Filosofi sangkan paraning dumadi ini jika dipenuhi akan membawa kita pada pemenuhan makna hidup. Pertanyaan-pertanyaan yang terkandung dalam filosofi sangkan paran ini sangatlah eksistensial dan mendalam. Jika filosofi ini dapat diterapkan dalam kehidupan seharai-hari maka kita akan terhindar dari krisis makna hidup. Hasil penelitian yang ada menunjukkan bahwa krisis makna hidup diduga ikut mendorong para remaja menggunakan narkoba (Safaria, 2007). Keadaan hidup yang kosong dan hampa menyebabkan munculnya perasaan sepi dan bosan. Hal ini mendorong mereka mencari jalan pintas untuk mengatasinya. Melalui penggunaan narkoba mereka berusaha untuk memperoleh hidup yang bebas dari kecemasan, kekosongan dan kehampaan. Keadaan di atas ditegaskan oleh Frankl (1977; dalam Koeswara, 1992; Bastaman, 1996) sebagai frustasi eksistensialism (existensialism frustation) yang semakin meningkat. Peningkatan frustasi eksistensial ini menimbulkan dampak negatif. Gejala-gejala yang tampak dari adanya frustasi eksistensial adalah meningkatnya bunuh diri, penyalahgunaan obat dan alkohol, depresi, stres, psikpatologi, kekerasan dan kejahatan.

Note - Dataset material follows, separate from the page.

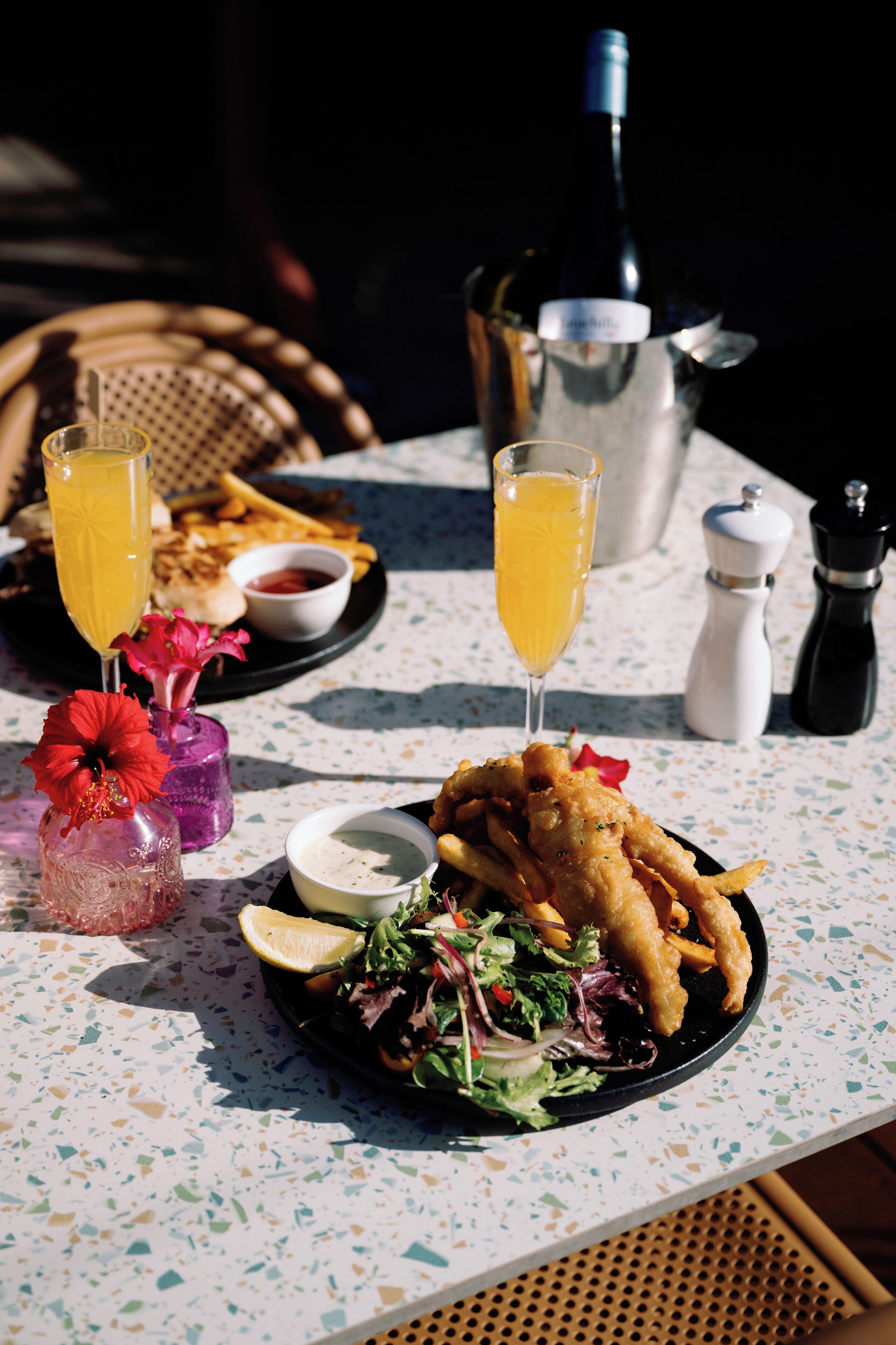 A table with a plate of food, a bottle of wine, and two glasses of orange juice.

Penelitian psikologis menunjukkan bahwa makna hidup sangat penting bagi keseimbangan fisik dan emosional. Studi Sheffied dan Pearson mengindikasikan adanya hubungan yang positif antara kecenderungan neurotik dan introversi sosial yang diungkap melalui tes Eysenk Personality Inventory dengan rendahnya skor tes PIL (Purpose in Life test) yang mengungkapkan kebermaknaan hidup (dalam Yalom, 1980). Salle dan Casciani melaporkan semakin tinggi taraf frustasi dan ketidakmampuan menyesuaikan diri secara seksual para subjek, semkain rendah skor PIL yang diperolehnya. Hasil studi Braun dan Dolmino menunjukkan skor tes PIL remaja deliquent lebih rendah dari remaja non-deliquent (dalam Yalom, 1980). Melalui filosofi sangkan paran ini maka kita dapat menemukan makna hidup kita dengan kembali mengorientasikan tujuan hidup kita pada tujuan yang hakiki.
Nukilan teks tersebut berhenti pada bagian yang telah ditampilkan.